Sussex Police dog stabbed multiple times, appears on Britain's Got Talent and has new law passed in his honour

Finn
Finn

A Sussex Police dog that was stabbed multiple times in the head and chest has had a new law passed in his name.

Police dog Finn was stabbed in Hertfordshire in 2016 while protecting his owner, PC Dave Wardell.

Finn after his attack

Finn after his attack

Despite suffering multiple stab wounds to his chest and head, Finn was lucky to make a full recovery and won the nation’s hearts on this year’s Britain’s Got Talent show.

Due to a quirk in the law, only criminal damage charges could be passed against Finn's attacker, but today (August 22), he and PC Wardell were invited to police headquarters to celebrate the passing of Finn's Law.

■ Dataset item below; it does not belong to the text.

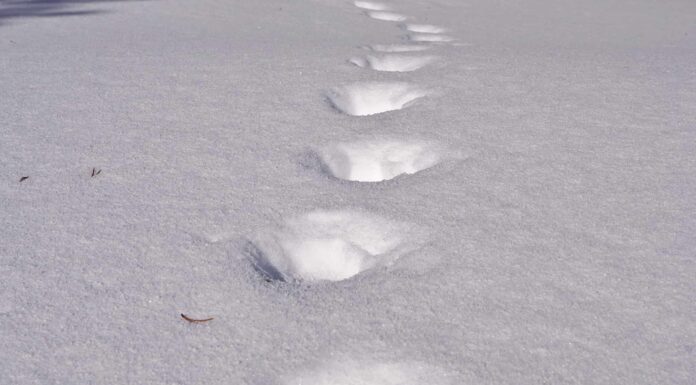 Tracce di Wolverine: guida all'identificazione per neve, fango e altro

The new legislation prevents those who cause injury or harm to a service animal from claiming self-defence and is now seen as a criminal offence.

Dave said: “It has been an extremely emotional two or three years since Finn was seriously injured. Finn was kicked and punched throughout his career and nothing ever happened, which I think is wrong.

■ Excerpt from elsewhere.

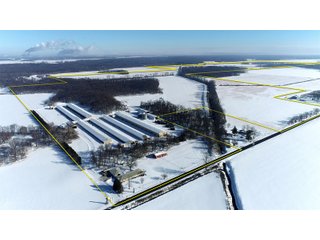 Jasper County, Indiana Farm - REAL ESTATE AUCTION - 537+/- ACRES OFFERED IN 6 TRACTS IN JASPER COUNTY, INDIANA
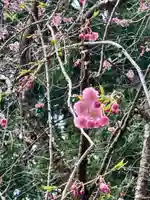 土津神社|こどもと出世の神さまの自然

Finn with PC Wardell and Simon Cowell

Finn with PC Wardell and Simon Cowell

“If we’re going to use these animals, and I believe we should as they are phenomenal at what they do, we need to make sure that we have every available protection to them and this law that has been approved does just that.”

The ceremony saw Chief Constable Giles York present each of the serving Sussex and Surrey dogs with a certificate of recognition and an engraved collar, the latter of which will be given to all retired Surrey and Sussex police dogs.

CC York added: “I think this is a key moment and really poignant in the light of recent weeks in policing. Not only is it us who put ourselves in harm’s way, it is the dogs and horses as well.

“It is an absolute privilege to have Finn and Dave his dog handler here and I am delighted to be the first police force to welcome the pair at a recognition ceremony.

The Sussex and Surrey police dogs and their owners

The Sussex and Surrey police dogs and their owners

“The work that has been put in to quite literally change the law allows our working dogs to be recognised in a completely different way.”

High Sheriff of East Sussex Violet Hancock said: “I am incredibly pleased to be here today for this event. I was at Sussex Police headquarters the very day the law was passed and the Chief Constable mentioned how an award ceremony should be held.

“I couldn’t believe there wasn’t a law before and well done to everyone who played a part in getting this law passed.”